For the example this is enough. Now we need to write a regular expression which will find a phone number, if it is indeed a phone number, and return nothing, if it is not (does not match one of three examples).

A good website which might be useful in finding a proper RegEx is https://regex101.com.

In [1]:
import re

def return_number(text):
    matches = re.findall('\d{10}|\(\d{3}\)\s*\d{7}|\(\d{3}\)\s*\d{3}\-\d{2}\-\d{2}', text)
    if len(matches) == 0:
        return 'Nothing found'
    return matches

### 1.1 Check if it works

Now let's give some correct examples to see that the algorithm works.

In [2]:
print(return_number('aaaa 1234567891 aaaaa')) # first case
print()
print(return_number('aaaaa (123) 4567891 aaaaaa')) # second case
print()
print(return_number('aaaaa(123) 456-78-91aaaa')) # third case

['1234567891']

['(123) 4567891']

['(123) 456-78-91']


Everything seems fine here.

### 1.2 A common mistake

Often people tend to find confirmation of their hypotheses rather than try to disprove them. In this case, we would stop at the last example, saying that the code works correctly. That being said, I suggest going further and checking in which cases the code might not work correctly by trying it with examples of not phone numbers.

In [3]:
print(return_number('aa123456789aa')) # less than 10 digits
print()
print(return_number('aaa12345678911aaa')) # more than 10 digits
print()
print(return_number('aaaa (1234) 567891aaaa')) # 4 digits in brackets
print()
print(return_number('aaaa (123) 456789 aaaaa')) # less than 7 digits after brackets
print()
print(return_number('a a a a (123) 456-789-1a a a a ')) # more than 2 digits after -

Nothing found

['1234567891']

Nothing found

Nothing found

Nothing found


As we see, we made a mistake. Let's rewrite our code and check if now it is fine.

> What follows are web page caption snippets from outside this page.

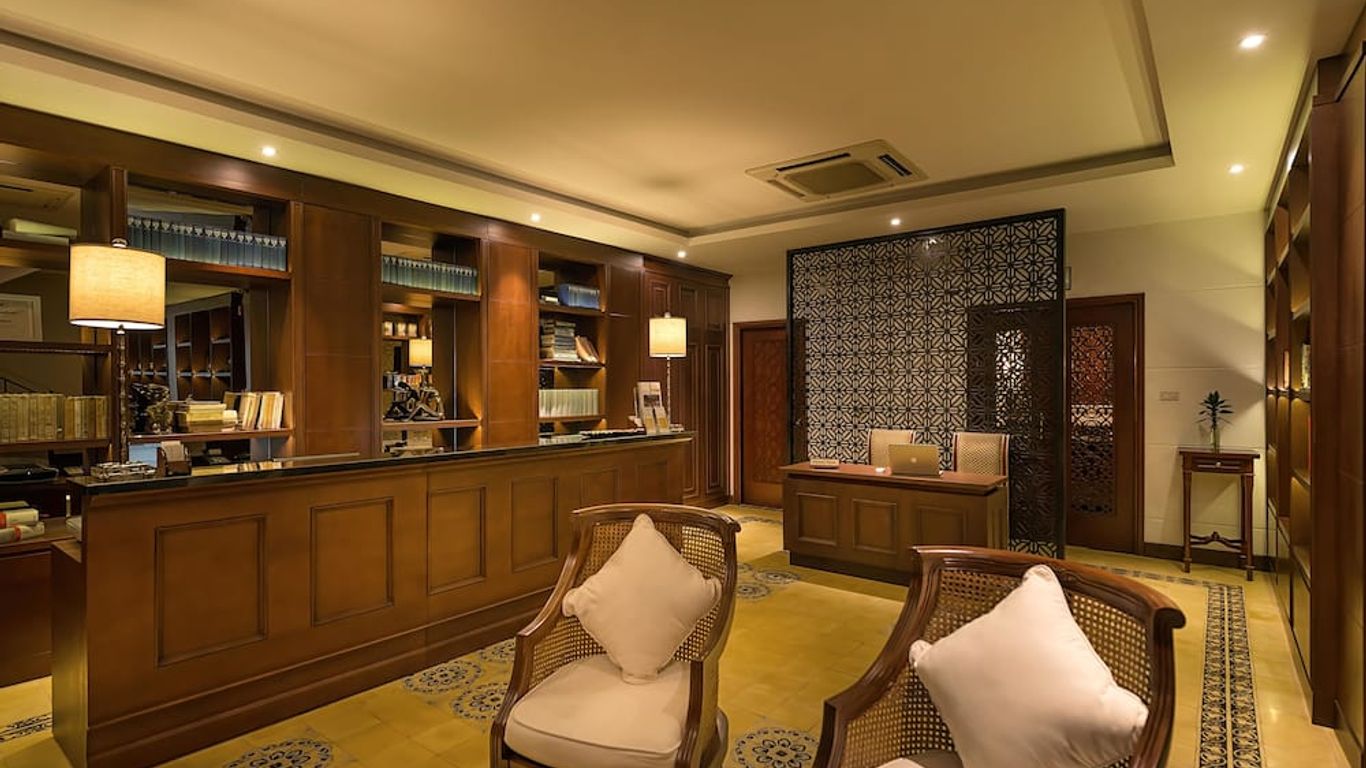 La Nueva Boutique Hotel Hanoi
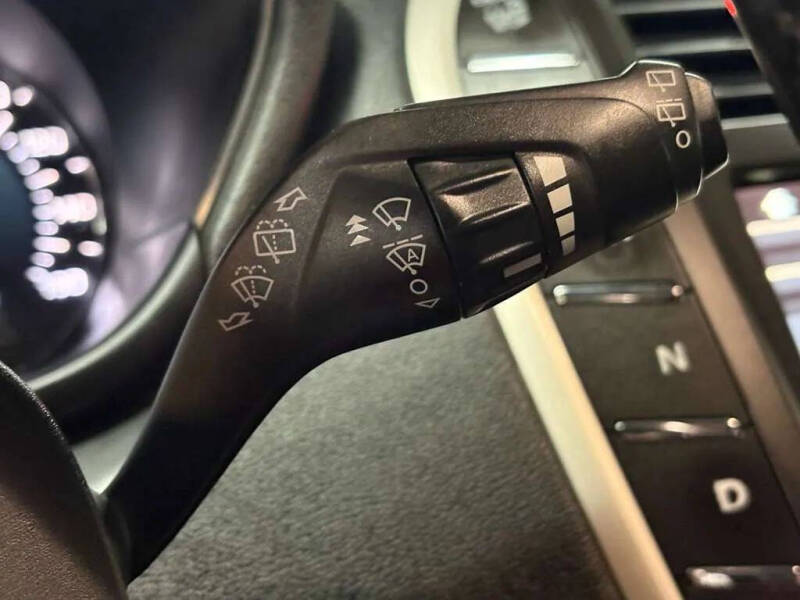 2018 Lincoln MKC Select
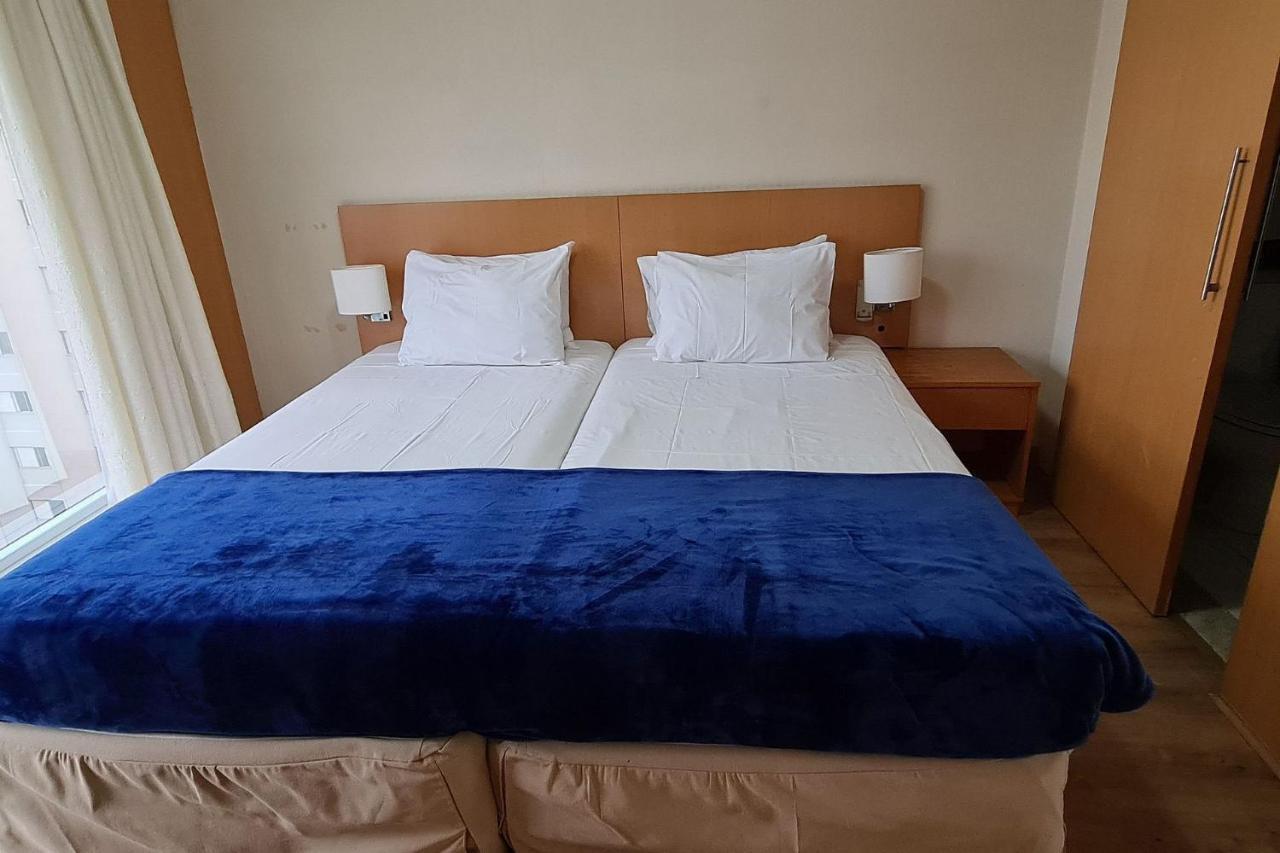 Apartment Anylife Smart Ibirapuera 801 *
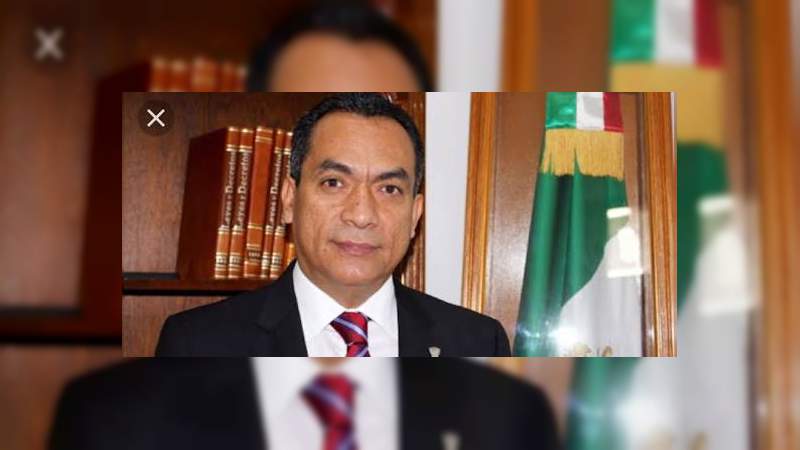 Temas pendientes de la actual legislatura serán retomados por la 74: Adrián López 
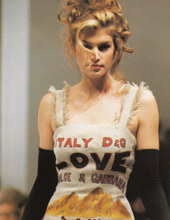 Dolce & Gabbana (-1992)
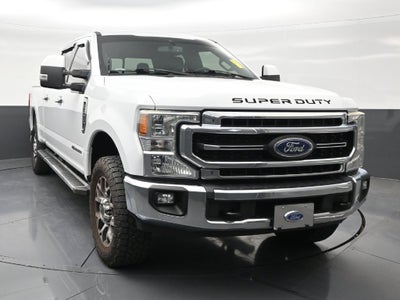 2022 Ford Super Duty F-250 SRW XL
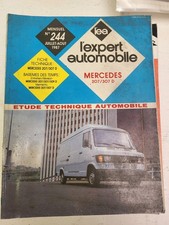 Revue technique expert d'occasion  Achicourt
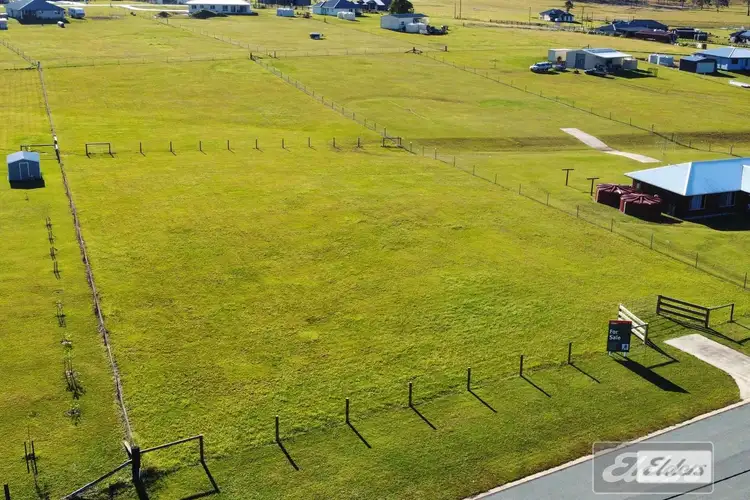 Fourth view of Homely land listing, LOT 35 Turnberry Chase, Curra QLD 4570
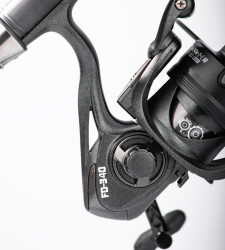 EMPEROR FD-340 METAL KAFA 2+1 - 12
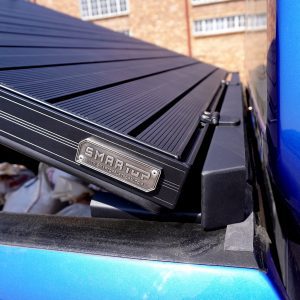 Tourtop – VW Amarok Double Cab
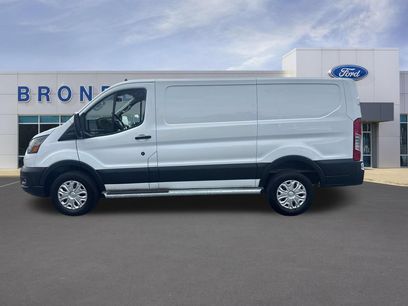 Used 2025 Ford Transit 250 Low Roof w/ Exterior Upgrade Package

### 1.3 Correcting mistakes

In [4]:
import re

def return_number_fixed(text):
    
    matches = re.findall(r'\b\d{10}\b|\(\d{3}\)\s*\d{7}|\(\d{3}\)\s*\d{3}\-\d{2}\-\d{2}', text)
    
    if len(matches) == 0:
        return 'Nothing found'
    return matches

In [5]:
print(return_number_fixed('1234567891')) # first case
print()
print(return_number_fixed('(123) 4567891')) # second case
print()
print(return_number_fixed('(123) 456-78-91')) # third case

['1234567891']

['(123) 4567891']

['(123) 456-78-91']


In [6]:
print(return_number_fixed('123456789')) # less than 10 digits
print()
print(return_number_fixed('12345678911')) # more than 10 digits
print()
print(return_number_fixed('(1234) 567891')) # 4 digits in brackets
print()
print(return_number_fixed('(123) 456789')) # less than 7 digits after brackets
print()
print(return_number_fixed('(123) 456-789-1')) # more than 2 digits after -

print()
print(return_number_fixed(' 1234     ')) # less than 4 digits and spaces
print()
print(return_number_fixed('     1234567891    ')) # 10 digits between spaces
print()
print(return_number_fixed('     123456 7891    ')) # a space between digits
print()
print(return_number_fixed('     12345678911    ')) # more than 10 digits

Nothing found

Nothing found

Nothing found

Nothing found

Nothing found

Nothing found

['1234567891']

Nothing found

Nothing found


As we see, the previous mistake was corrected. However, there is still an issue if we put a space between numbers. Despite the fact that it does not match our patterns, I do not see a problem in it.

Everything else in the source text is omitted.